There had already been one six-month funding extension, which expired on May 1, but still, on May 21, there remained a long list of issues - major and minor; national, regional and local; and policy and project-specific - to be decided. After the decisions were made, the provisions had to be drafted, and then the entire bill had to pass in both chambers before they left the following afternoon.

So, on the evening of May 21, the "Big Seven" convened to go through the bill provision-by-provision and to make the final decisions on what was in and what was out.

On the House side, the group was led by Rep. Bud Shuster, R-Pa., chairman of the Transportation and Infrastructure Committee, the long-time champion of highway interests, and ardent supporter of more spending for highways. He was joined by Rep. Thomas E. Petri, R-Wis., chairman of the surface transportation subcommittee, and their Democratic counterparts, Rep. James L. Oberstar of Minnesota and Rep. Nick J. Rahall from West Virginia.

On the Senate side, there were Sen. John H. Chafee, R-R.I., the chairman of the Environment and Public Works Committee, the champion of the environmental community who looked to him to protect the major advances they had made in the Intermodal Surface Transportation Efficiency Act of 1991 (ISTEA); Sen. John W. Warner, R-Va., chairman of the Transportation and Infrastructure Subcommittee; and Sen. Max Baucus, D-Mont., the ranking minority member of both the full committee and the subcommittee.

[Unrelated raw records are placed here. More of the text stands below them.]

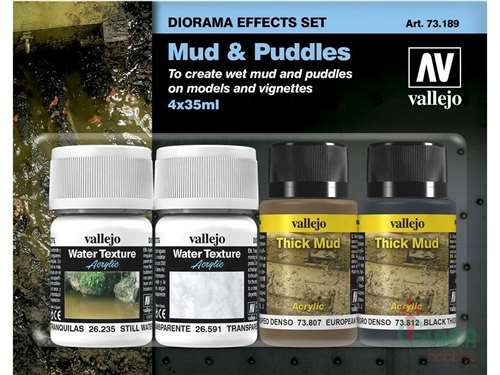 Vallejo Diorama Effects Set - Mud & Puddles (4 pcs) - 35ml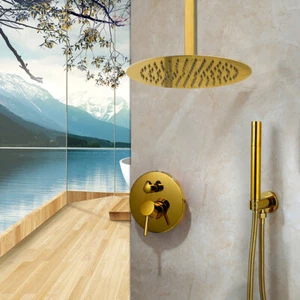 Gold 8" Ceiling Mount Round Thin Shower Head 2-Way Mixer Valve Hand Spray Faucet - Picture 1 of 10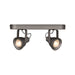 LABEL51 dubbele LED-spot in burned steel, 30x9x16 cm, met twee richtbare metalen lampkoppen voor accentverlichting.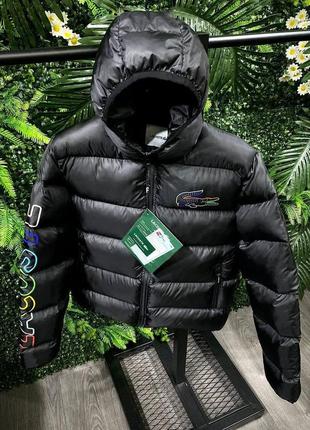 Тепла зимова куртка пуховик lacoste преміум якості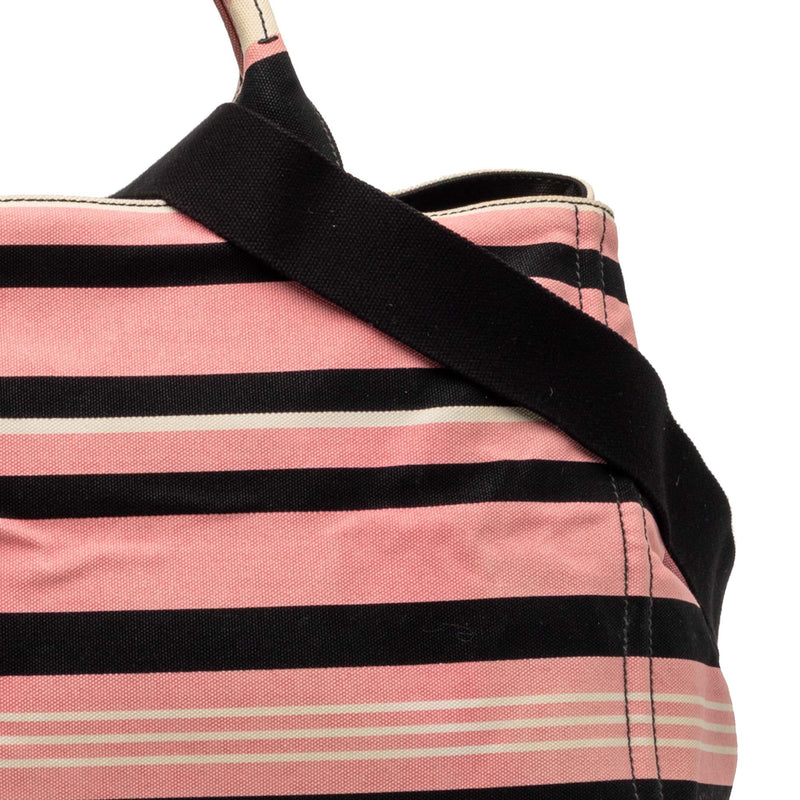 Large Canvas Canapa Righe Striped Satchel - Image 6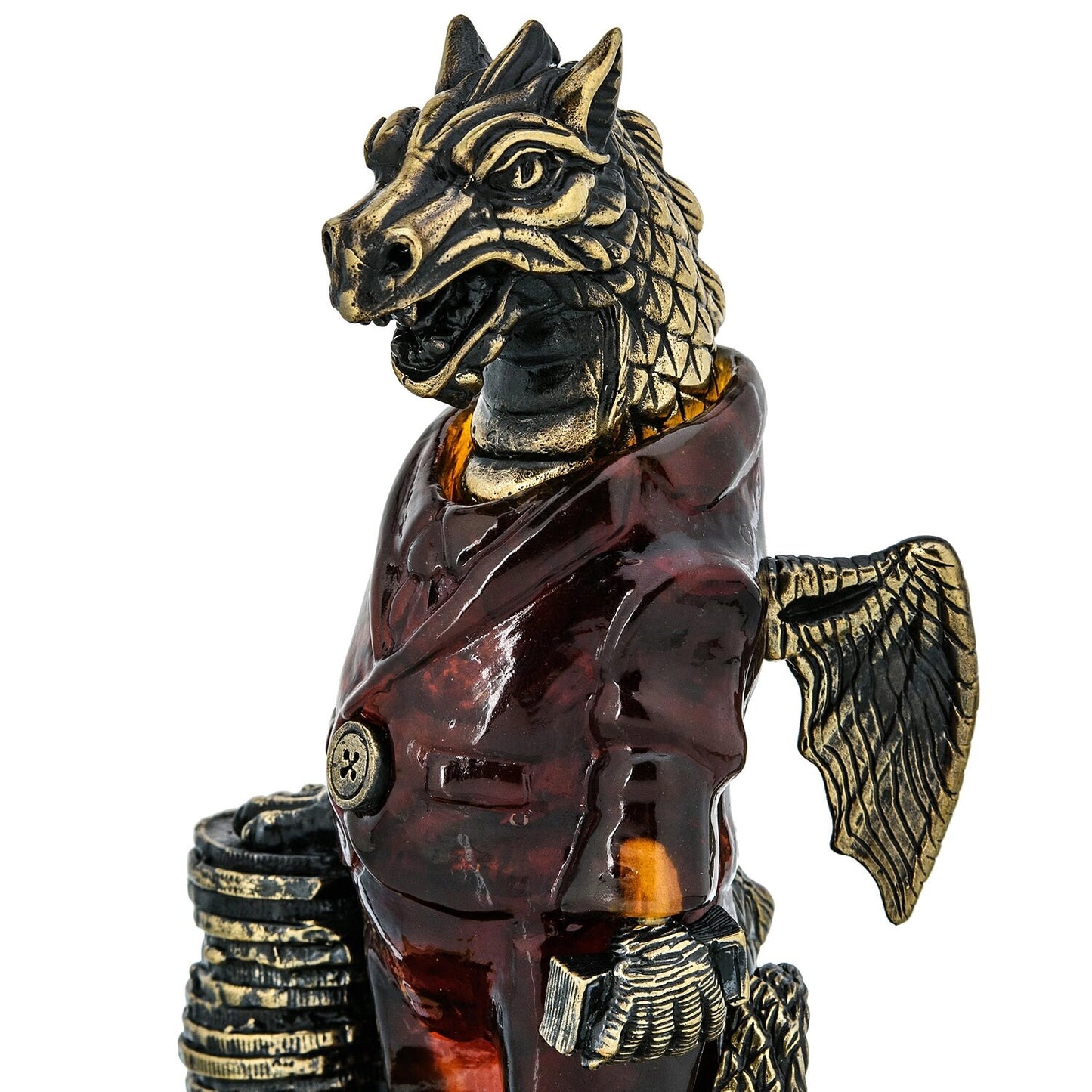 Amber bronze sculpture Dragon Entrepreneur|Carved Amber figurine|Amber Dragon Statue|Amber Dragon Sculpture|Unick gift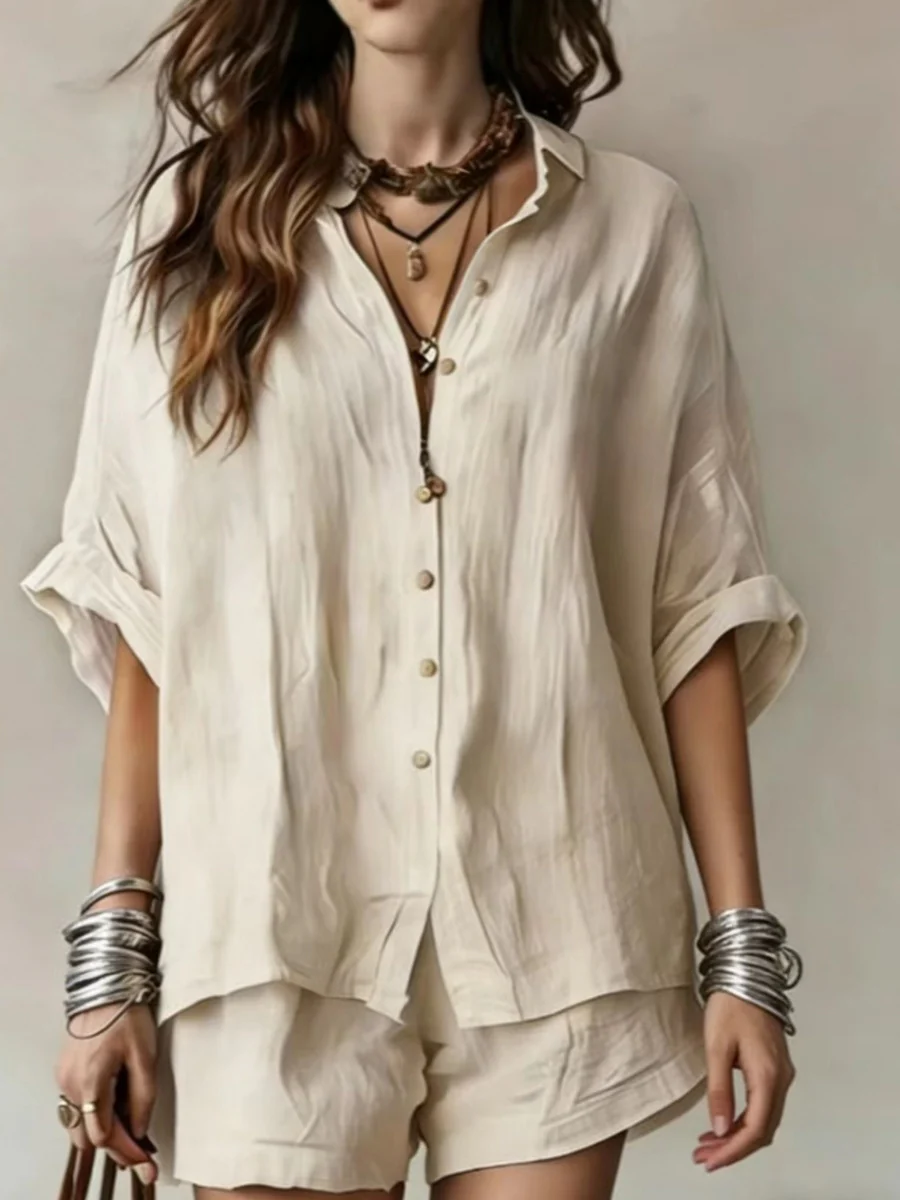 Blended Loose-fit Mid-length Sleeves Shirts Shorts Set 2-piece Sets - Image 4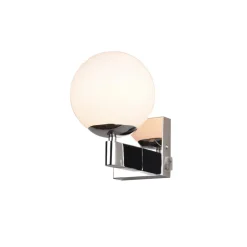 Væg- Og Spejllamper|Væglamper ^ Trio Lighting Kula væglampe til badet, glasskærm IP44 krom
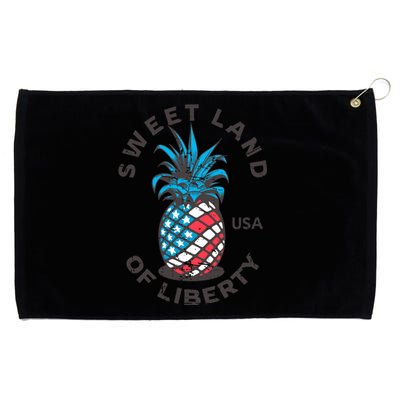 Retro Pineapple American Flag Sweet Land Of Liberty Usa Great Gift Grommeted Golf Towel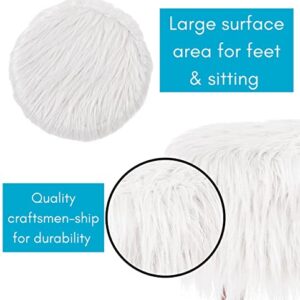 BIRDROCK HOME White Faux Fur Vanity Stool Chair - Soft Furry Compact Padded Seat - Vanity, Living Room, Bedroom and Kids Room Chairs - Hair Pin Metal Legs Upholstered Decorative Furniture Foot Rest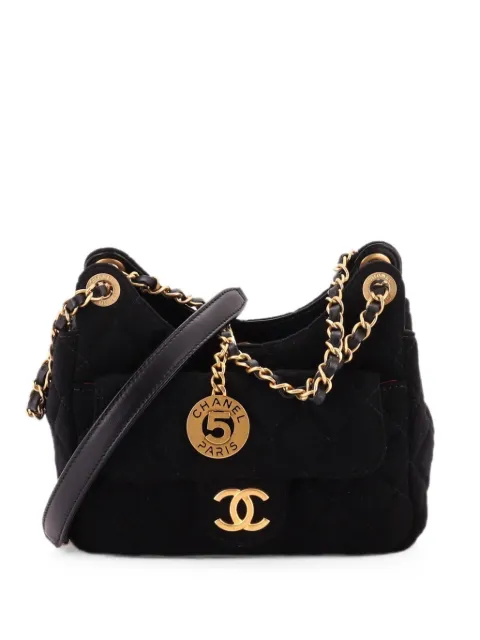 CHANEL Pre-Owned Wavy CC Quilted Jersey Small hobo bag Black UYE13A9VREEZG3HO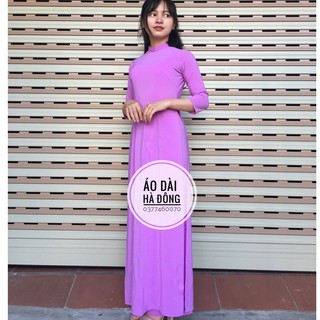 Áo dài lụa nhật 2 tà/ màu tím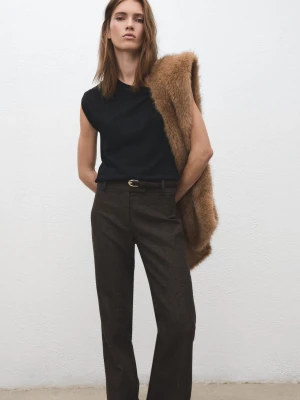 MANGO - Cienki pasek z zamszu czekoladowy - - Kobieta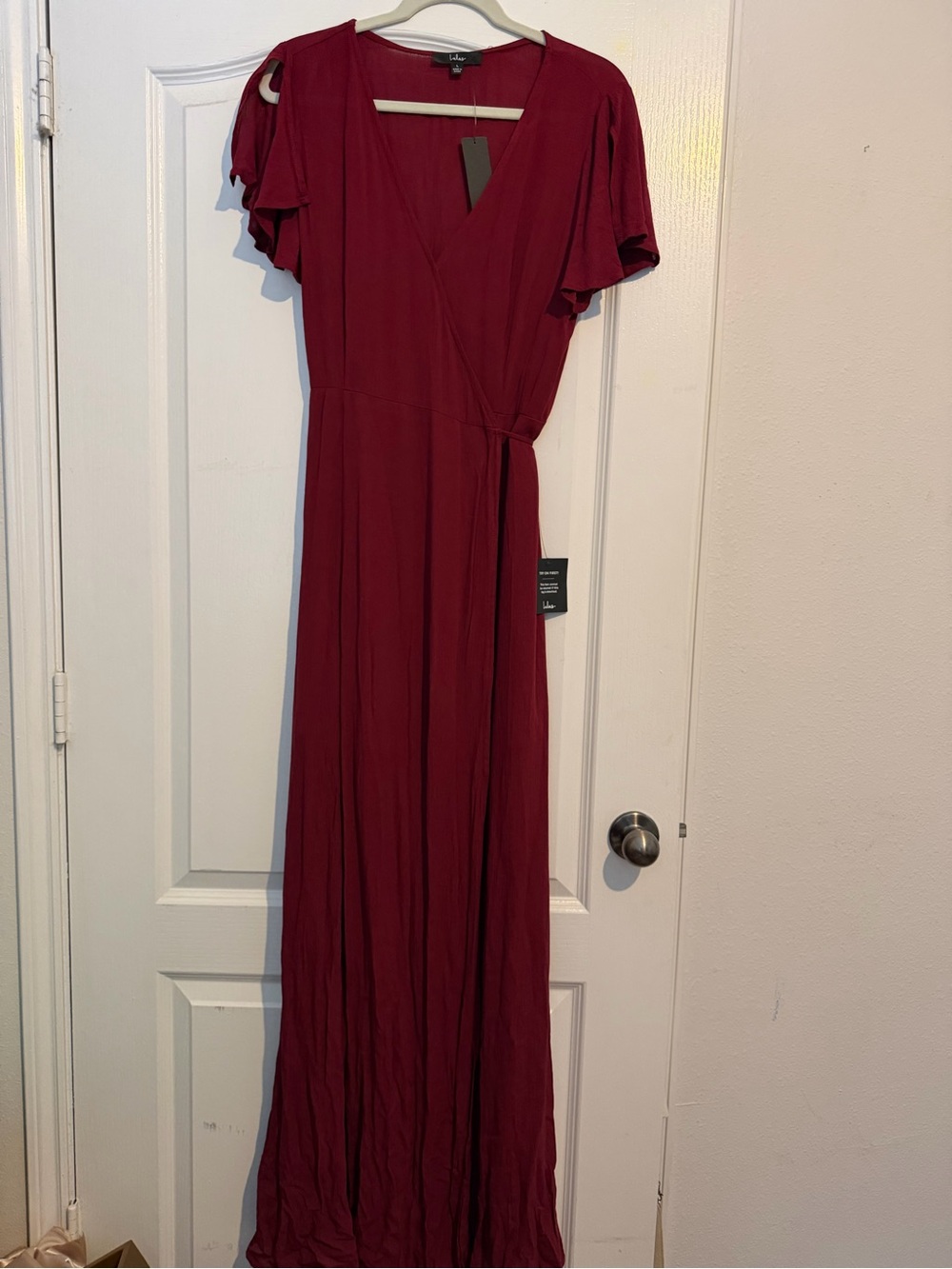 Lulu's Burgundy Wrap Maxi Dress - never worn!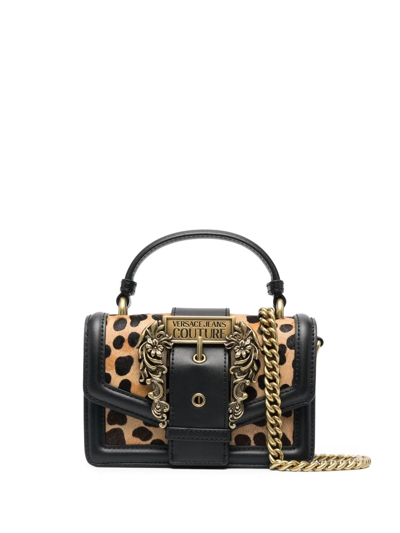 Versace Jeans Couture Barocco Buckle Leopard-print Tote Bag In Black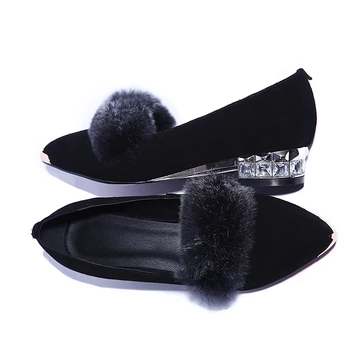 2017 Spring/Autumn women shoes fashion Metal Pointed Toe decoration black Slip-On low heel shoes size 34-39 TBLR-218-2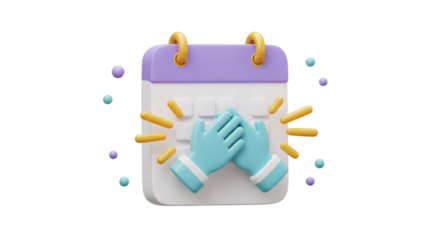 Isolated Conceptual Illustration of Calendar Reminder with Clapping Hands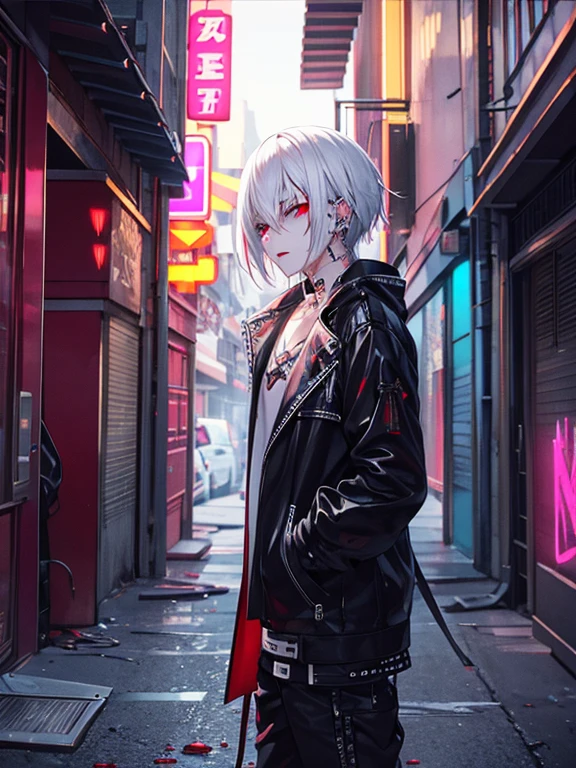 night　Downtown alley　Neon lights are shining　The white clothes are splattered with blood.　insanity　White Hair　Red eyes　Multiple piercings　He also has eyebrow piercings　bloodstains on the ground　There&#39;s blood on my cheek　Handsome　youth　In his right hand he holds a bloody knife　Complementary Color　Mysterious atmosphere　Bright colors　choker　Has a tattoo on his neck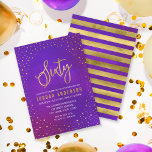 Starry Purple Watercolor 60º Convite de Aniversári<br><div class="desc">Elegante 60º Convite de aniversário com uma fronteira de estrelas e a menção "Sessenta" em ouro falso contra fundo de aquarela roxa. A placa inclui um lado de trás listrado. Veja outros itens correspondentes aqui https://www.zazzle.com/collections/elegant_starry_purple_watercolor_celebrations-119469232199993091?rf=238364477188679314 Personalize-o substituindo o texto do espaço reservado para adicionar suas informações. Para obter mais opções,...</div>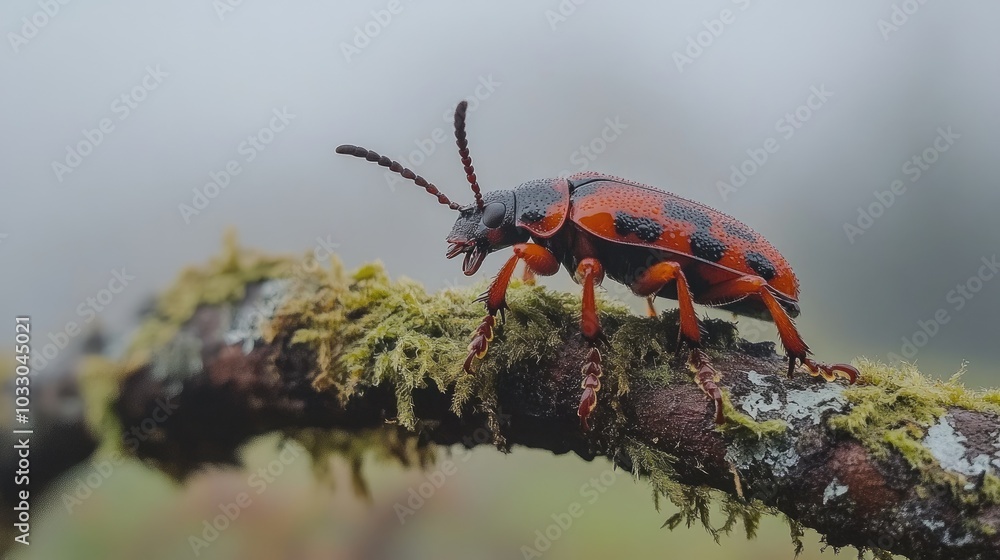 Vibrant Beetle on Mossy Branch in Natural Habitat Vibrant Beetle on Mossy Branch in Natural Habitat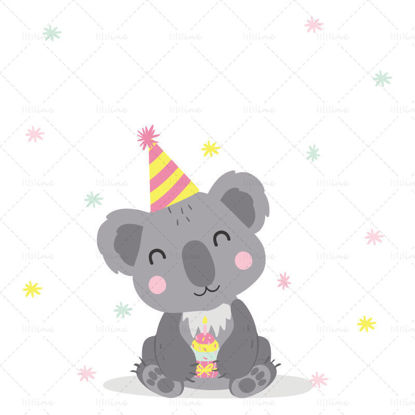 Vector gray koala birthday card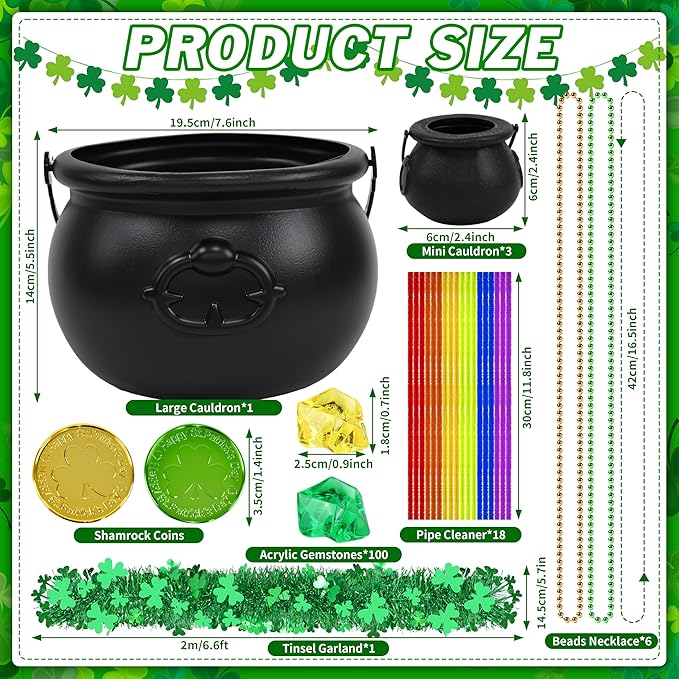 329 Pcs St Patrick's Day Cauldron Kettle Set Shamrock Gem Plastic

For several hours, with no breaks, the two groups sat across the table from each other. They worked their way through the bill, making decisions on all the issues they had been unable to resolve earlier. Now, with the deadline looming, decisions had to be made, and they were made. The Transportation Equity Act for the 21st Century (TEA-21) was born.

The race to the floor was filled with mishaps, just as it was in 1991 when ISTEA was brought to the House floor at 4 a.m. Just as in 1991, the printer in the House Legislative Counsel's office broke down. Just as in 1991, the original copy of the bill was dropped, and important, agreed-upon pages were left lying on the floor.

This time, however, Congress was able to pass a technical corrections bill to fix the problems caused by the rush to the floor. Congressional leaders attached the technical corrections bill, called the TEA-21 Restoration Act, to the Internal Revenue Service reform bill. Previous efforts at passing technical corrections following the Surface Transportation Assistance Act of 1982 and ISTEA failed. The conference report was passed in both chambers with little opposition. In the Senate, Sen. Ted Stevens, R-Alaska, chairman of the Appropriations Committee, raised some questions about the new budget procedures. In the House, Rep. David Obey of Wisconsin, the ranking Democrat on the Appropriations Committee, questioned the earmarked projects and the budget offsets that would be required.

President Clinton signs the Transportation Equity Act for the 21st Century. The vote margin was comfortable in both chambers: 88 to 5 in the Senate, 297 to 86 in the House.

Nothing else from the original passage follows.